Dans son rapport trimestriel de mars 2004, publié le 8 mars, la Banque des règlements internationaux (BRI) de Bâle met en lumière la situation dramatique qui règne dans tous les secteurs du système : bulles boursières et obligataires, tumultes sur les marchés des changes, endettement hypothécaire et à la consommation, explosion des produits dérivés, etc.
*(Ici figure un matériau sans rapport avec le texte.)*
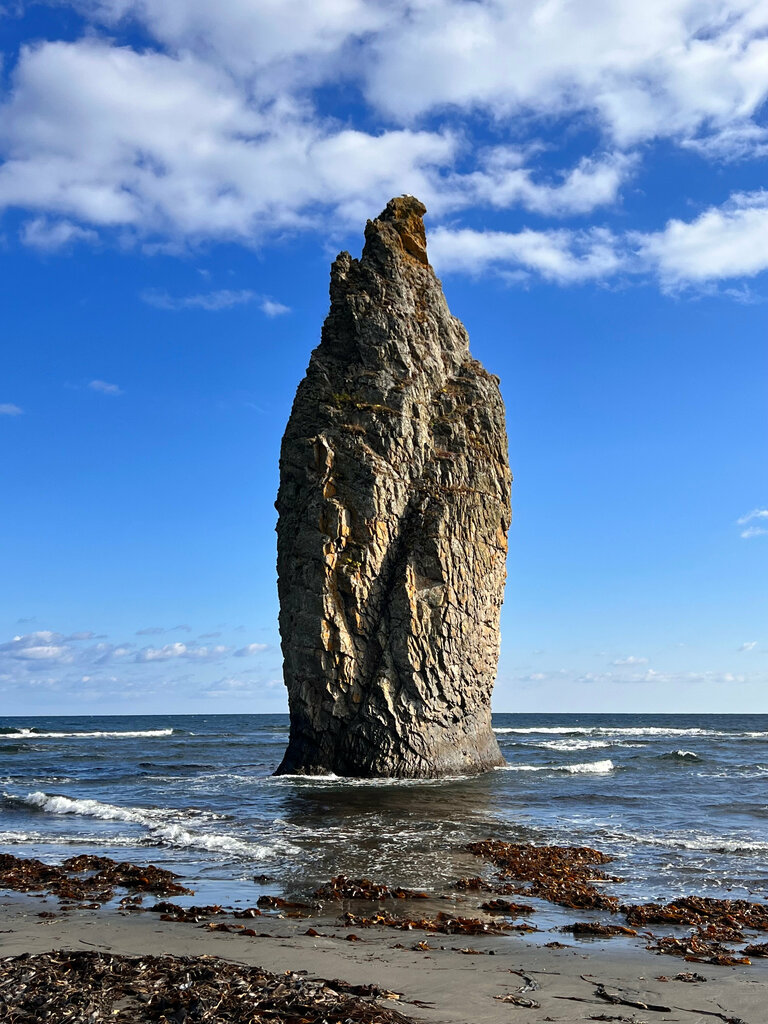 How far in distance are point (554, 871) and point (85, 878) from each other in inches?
301

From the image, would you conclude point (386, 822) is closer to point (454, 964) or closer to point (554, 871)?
point (554, 871)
Dopés par l’« appétit vorace pour les risques » dont font preuve les banques, les fonds et autres investisseurs, les marchés boursiers et obligataires ont connu une embellie ces derniers mois. « Ni les nouvelles révélations sur les malversations », comme dans le cas de Parmalat, ni les mornes perspectives affichées par de nombreuses grandes sociétés américaines « n’ont semblé perturber les investisseurs ».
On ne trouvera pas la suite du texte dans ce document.